Sent a "Hit" to tuning adapter.
connected usb cable.

Viola! SDV channels restored.


----------



## Dan203

I had something weird happen last night. I was watching Dexter and about 1/2 way through I got horrible pixelation and couldn't watch the show. I figured it was a bad capture so I setup a later recording of the same episode. However I wanted to make sure I wasn't having signal problems so I went to live TV where I discovered I couldn't tuner any channels and got the V58 error. I tried rebooting the TA but it didn't help. So finally I just pulled the plug on the TiVo itself. When it rebooted not only were all the channels working again but the pixelation in Dexter was gone and I was able to watch the rest of the episode without issue. So it seems something was actually so messed up it was causing a problem with playback as well as tuning. Never seen anything like that before.


----------



## XIBM

Dan203 said:


> I had something weird happen last night. I was watching Dexter and about 1/2 way through I got horrible pixelation and couldn't watch the show. I figured it was a bad capture so I setup a later recording of the same episode. However I wanted to make sure I wasn't having signal problems so I went to live TV where I discovered I couldn't tuner any channels and got the V58 error. I tried rebooting the TA but it didn't help. So finally I just pulled the plug on the TiVo itself. When it rebooted not only were all the channels working again but the pixelation in Dexter was gone and I was able to watch the rest of the episode without issue. So it seems something was actually so messed up it was causing a problem with playback as well as tuning. Never seen anything like that before.


I have had the same thing happen to me with a XL4 several times. I do a soft reboot under the help menu to keep from cutting power from the hardware and it always fixes the problem which makes me believe it is software as the hardware is not powered down.... Also see loosing all channels thread...


----------



## moyekj

Dan203 said:


> I had something weird happen last night. I was watching Dexter and about 1/2 way through I got horrible pixelation and couldn't watch the show. I figured it was a bad capture so I setup a later recording of the same episode. However I wanted to make sure I wasn't having signal problems so I went to live TV where I discovered I couldn't tuner any channels and got the V58 error. I tried rebooting the TA but it didn't help. So finally I just pulled the plug on the TiVo itself. When it rebooted not only were all the channels working again but the pixelation in Dexter was gone and I was able to watch the rest of the episode without issue. So it seems something was actually so messed up it was causing a problem with playback as well as tuning. Never seen anything like that before.


 Yes, welcome to losing all tuners world brought to you almost exclusively by the TiVo Elite and the "wonderful" Maxlinear tuners. You're a little late to the party though.


----------



## Dan203

I had someing similar happen once a lo time ago, but I didn't really attempt to trouble shoot it, I just immediately pulled the plug without much thought. That time I lost an entire nigs recordings. This time it seemed to record everything they just didn't play right until after the reboot. 

2 times in about as many years isn't that bad.


----------



## cosmo4u

Just got Time Warner and put my cable in card.
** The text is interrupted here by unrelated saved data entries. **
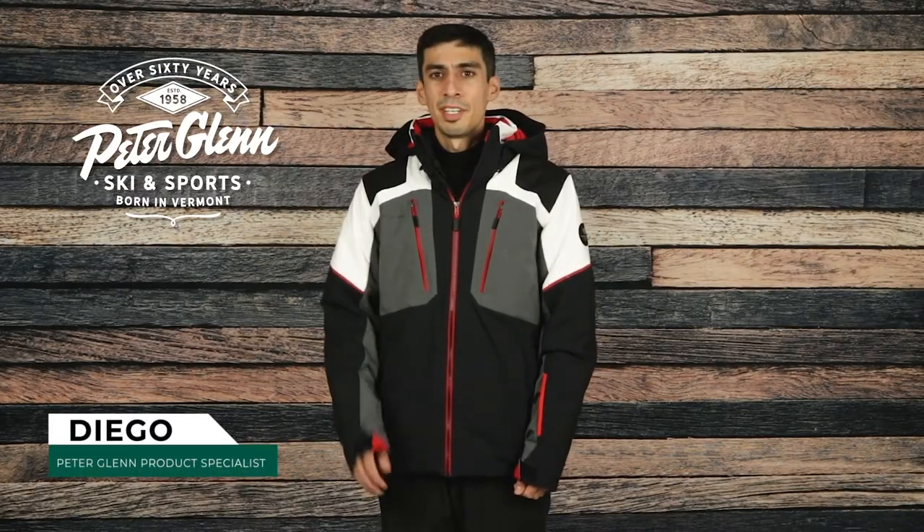Hey everyone, Diego here with PeterGlenn.com and today we'll be taking a closer look at the Obermeyer Foundation Insulated Ski Jacket for Men. This jacket has a rugged design with technical features to keep you well protected on deep powder days.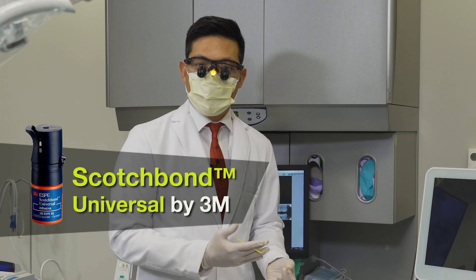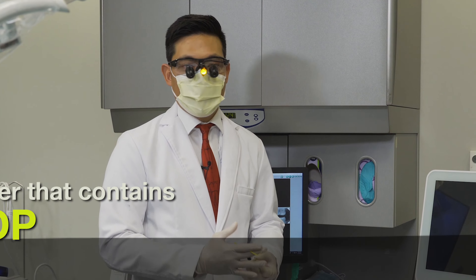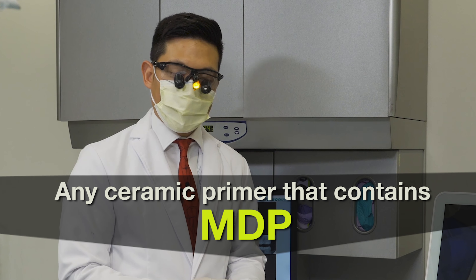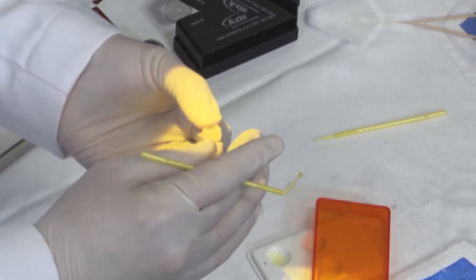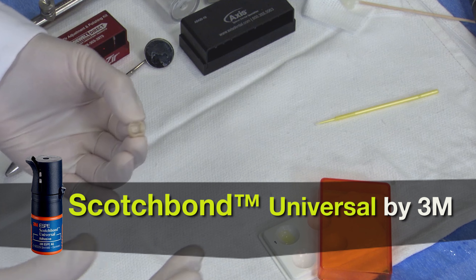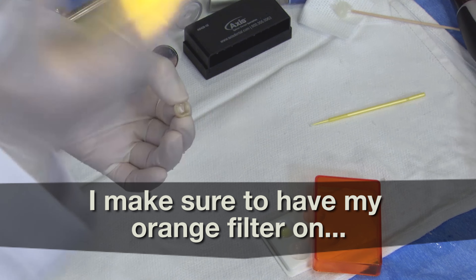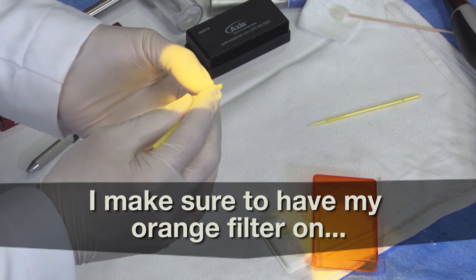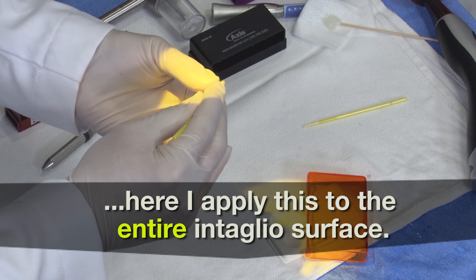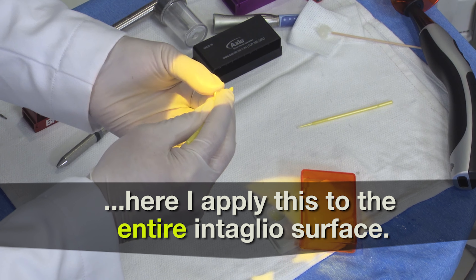In this case, I'm using a universal bonding agent. Several of the universal bonding agents also contain MDP, so any ceramic primer that contains MDP is the key when bonding zirconia. Because I'm using a universal bonding agent, the bonding agent also contains some methacrylate and light-sensitive monomers within it. So I make sure that I have my orange filter on, and here I apply it to the entire intaglial surface, because we certainly want that MDP primer to come into contact with the entire restoration.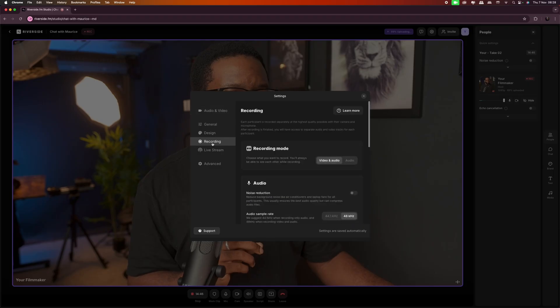Just to the right you can set the camera of your choice that's connected to your computer and the microphone you wish to use. Once you have everything set up and you like how you're looking, you can go into the settings to fine tune things. When you're sure everything is set up correctly, you can then invite your guests in two ways: by copying and sending them the invite link, or by typing their email in the email section so they get the link directly. That's it for the very basic setup with Riverside.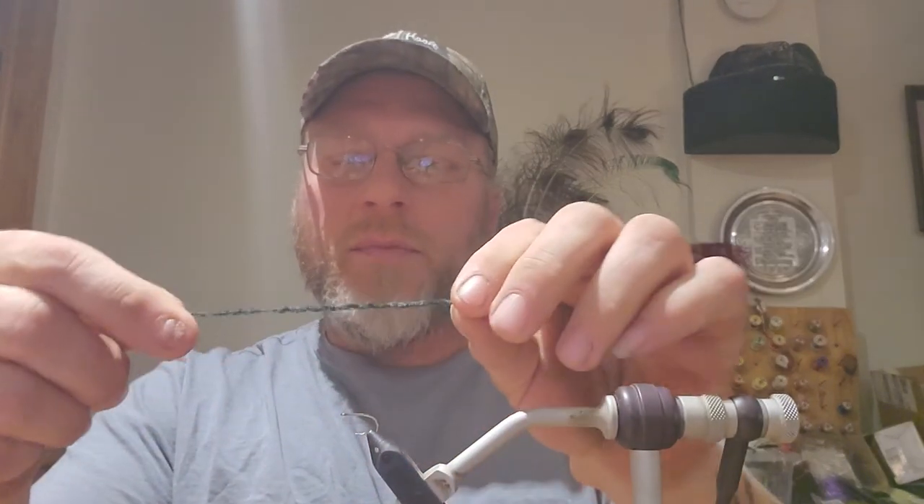I wanted to show you something. I like doing videos about cheap fly tying — the cheaper the better. We had a blanket that had some fringe on it. It's a micro chenille, but it was actually a blanket made of it. This is a piece of that — just a fuzzy blanket. It just goes to show you can find material everywhere. This little piece of chenille would make a good little fly.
Do I need a tuning adapter or is it optional for my ppv channels and such. Case ive tried getting my channel lineup updated to TW from cablevision and its just not working. Its stuck on Loading info screen (preparing to load). Been this way for hours now

p.s. im also seeing the v58 errors on channels


----------



## Dan203

Tuning Adapter is required by Time Warner.


----------



## cosmo4u

Dan203 said:


> Tuning Adapter is required by Time Warner.


that would have been awesome if the installer had set that up.

edit got off the phone with the cable card support. they stated I do not need a tuning adapter for the m-card to work and they are correct I now have my regular and HD channels up and running. But she did say that alot of regular channels will not work with out the TA. and I am finding that out as well. Will grab a TA tomorrow morning and do the setup again.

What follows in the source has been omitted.